I have had to understand not just what I am fighting against—in this situation, that’s not very hard—but also what I am fighting for, what is worth fighting for with one’s life. Religious fanaticism’s scorn for secularism and for unbelief led me to my answer. It is that values and morals are independent of religious faith, that good and evil come before religion: that—if I may be permitted to say this in the house of God—it is perfectly possible, and for many of us even necessary, to construct our ideas of the good without taking refuge in faith. That is where our freedom lies, and it is that freedom, among many others, which the fatwa threatens, and which it cannot be allowed to destroy.

[
From an article that was not, in the end, offered for publication, April 1993
]

On Monday, February 22, the prime minister’s office announced that Mr. Major had agreed in principle to a meeting with me, as a demonstration of the government’s determination to stand up for freedom of expression and for the right of its citizens not to be murdered by thugs in the pay of a foreign power. More recently a date was set for that meeting. Immediately a vociferous Tory backbench campaign sought to have the meeting canceled, because of its interference with Britain’s “partnership” with the murderous mullahs of Tehran. The date—which I had been assured was “as firm as can be”—has today been postponed without explanation. By a curious coincidence, a proposed British trade delegation to Iran in early May can now take place without embarrassment. Iran is hailing this visit—the first such mission in the fourteen years since the Khomeini revolution—as a “breakthrough” in relations. Its news agency states that the British have promised that lines of credit will be made available.

It is becoming harder to retain confidence in the Foreign Office’s decision to launch a new “high-profile” international initiative against the notorious fatwa. For not only are we scurrying off to do business with the tyrannical regime that the U.S. administration calls an “international outlaw” and brands as the world’s leading sponsor of terrorism, but we also propose to lend that regime the money with which to do business with us. Meanwhile, I gather I am to be offered a new date for my little meeting.

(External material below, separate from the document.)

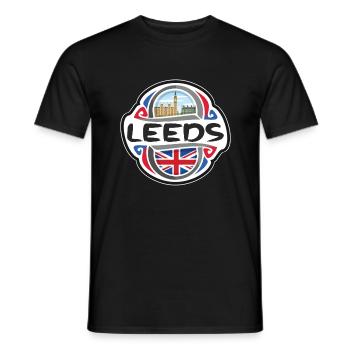 Leeds UK United Kingdom Flag Travel Souvenir Badge - Men's T-Shirt - black - Front - AI Model Male 178 light (178cm)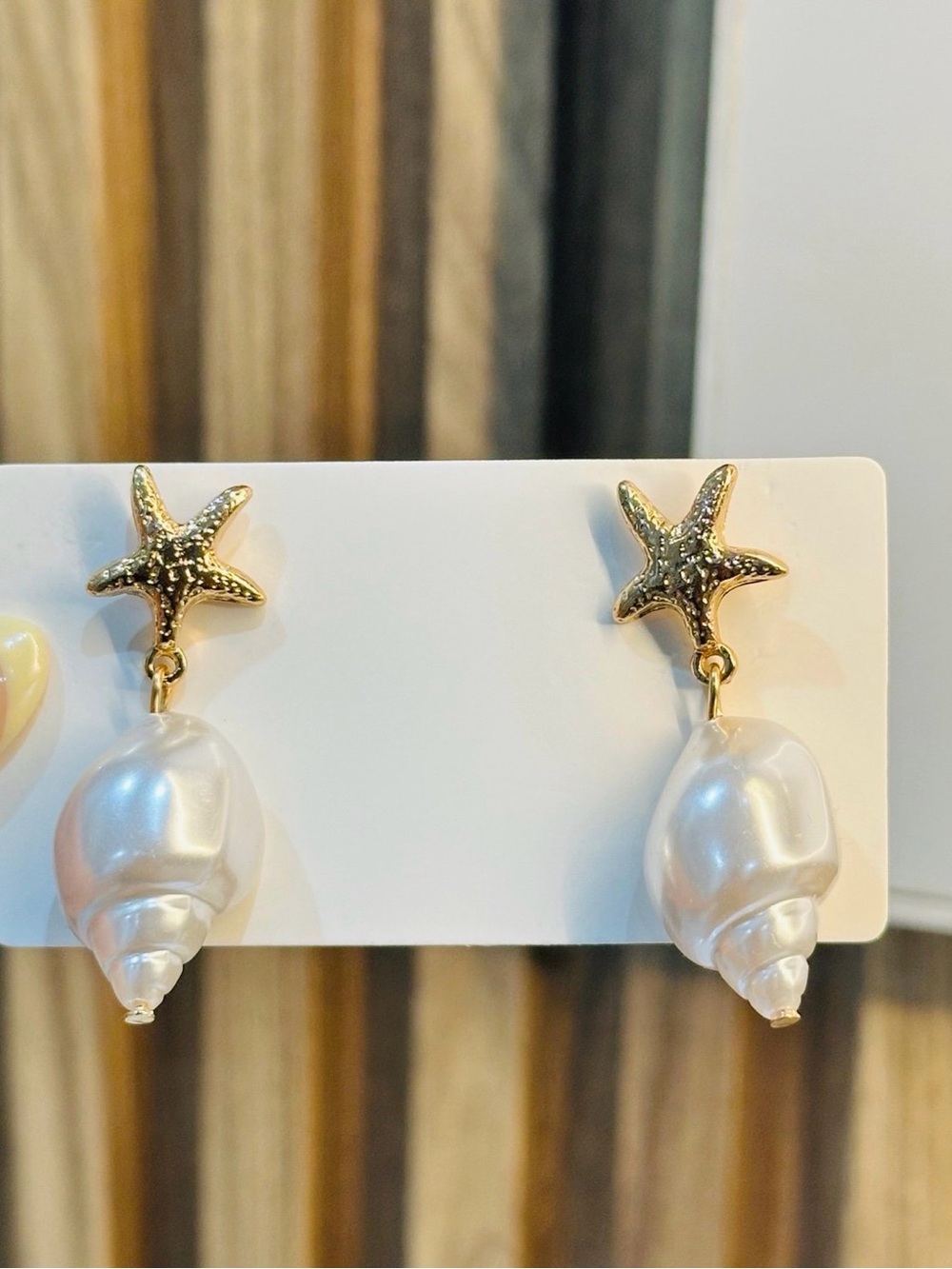 Gold Starfish Pearl Seashell Drop Earrings Coastal Mermaid Statement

But nobody from Number 10 Downing Street has spoken or written to me.

The Tory “anti-Rushdie” pressure group—its very description demonstrates its members’ desire to turn this into an issue of personality rather than principle—includes Sir Edward Heath and Emma Nicholson, as well as that well-known apologist for Iranian interests Peter Temple-Morris.
*20
Emma Nicholson tells us that she has grown to “respect and like” the Iranian regime (whose record of killing, maiming, and torturing its own people has recently been condemned by the United Nations as being among the worst in the world), while Sir Edward, still protected by Special Branch because, twenty years ago, the British people suffered under his disastrous premiership, criticizes the decision to offer similar protection to a fellow Briton who is presently in greater danger than himself.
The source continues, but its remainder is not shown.